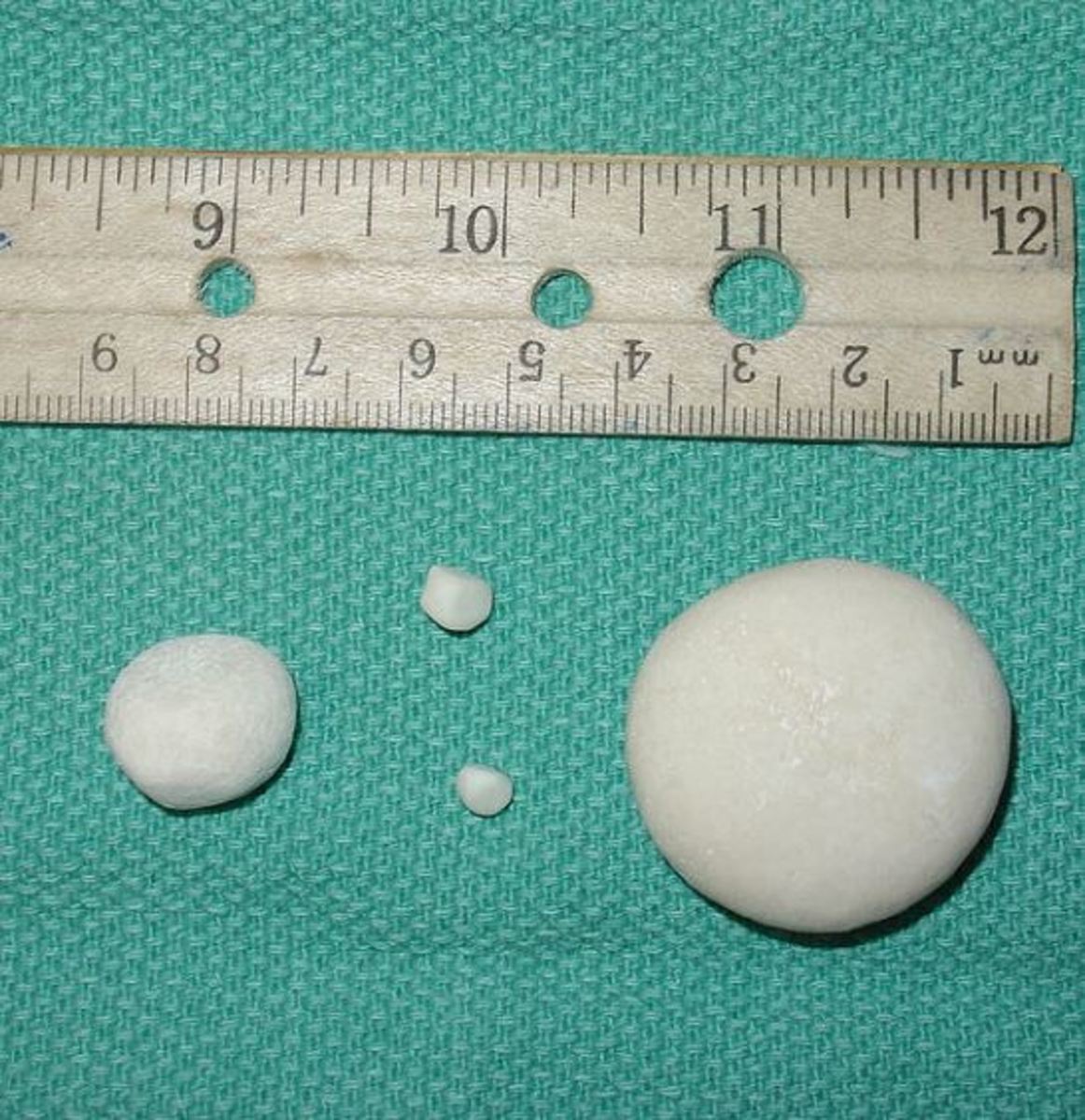  Picture of struvite stones in dog.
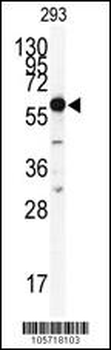 HDAC2 Antibody (C-term)
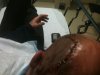 Head gash After.jpg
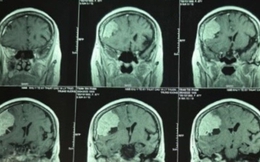 Đi khám đau đầu, phát hiện khối u màng não to hơn quả trứng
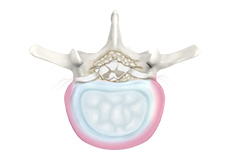 Degenerative Disc Disease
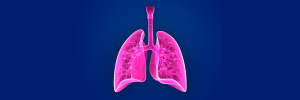 A picture of a posterior view of the lungs against a blue background.
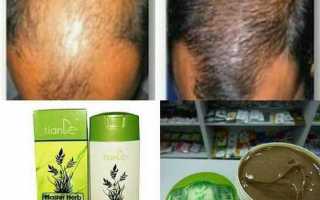 Как выбрать шампунь от облысения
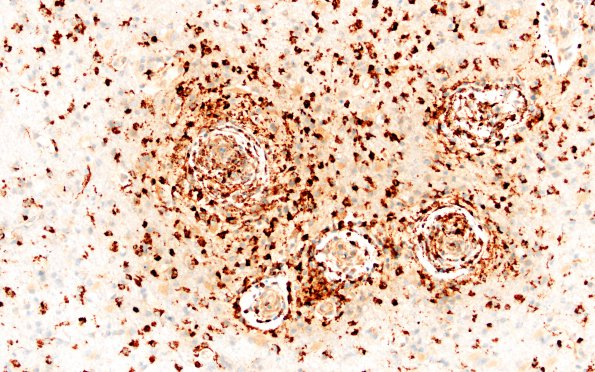 14C1 Vasculitis, granulomatous (Case 14) B1 CD68 area A 20X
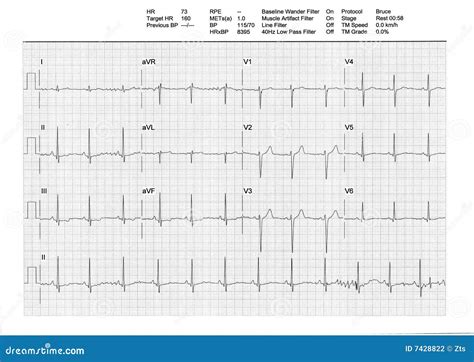 EKG Or ECG Result From A Treadmill Stress Test Stock Photo - Image: 7428822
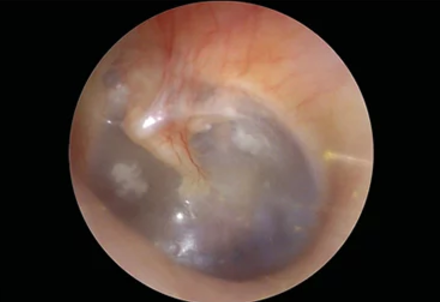 Close-up otoscopic view of a reddish ear canal and gray eardrum with cloudy patches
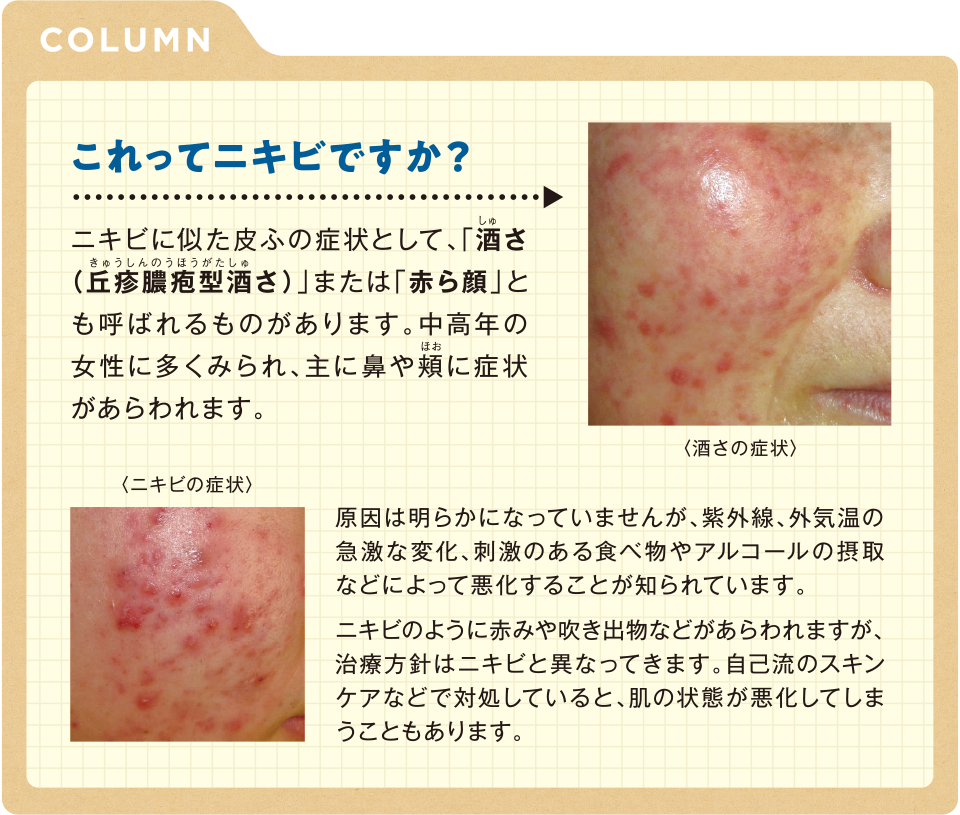 これってニキビですか?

= = = = = = =

Your copy should hold every record word for word and none of the pictures.

  Picture of struvite stones in dog.
 HDAC2 Antibody (C-term)
 Head gash After.jpg
 Đi khám đau đầu, phát hiện khối u màng não to hơn quả trứng
 Degenerative Disc Disease
 A picture of a posterior view of the lungs against a blue background.
 Как выбрать шампунь от облысения
 14C1 Vasculitis, granulomatous (Case 14) B1 CD68 area A 20X
 EKG Or ECG Result From A Treadmill Stress Test Stock Photo - Image: 7428822
 Close-up otoscopic view of a reddish ear canal and gray eardrum with cloudy patches
 これってニキビですか?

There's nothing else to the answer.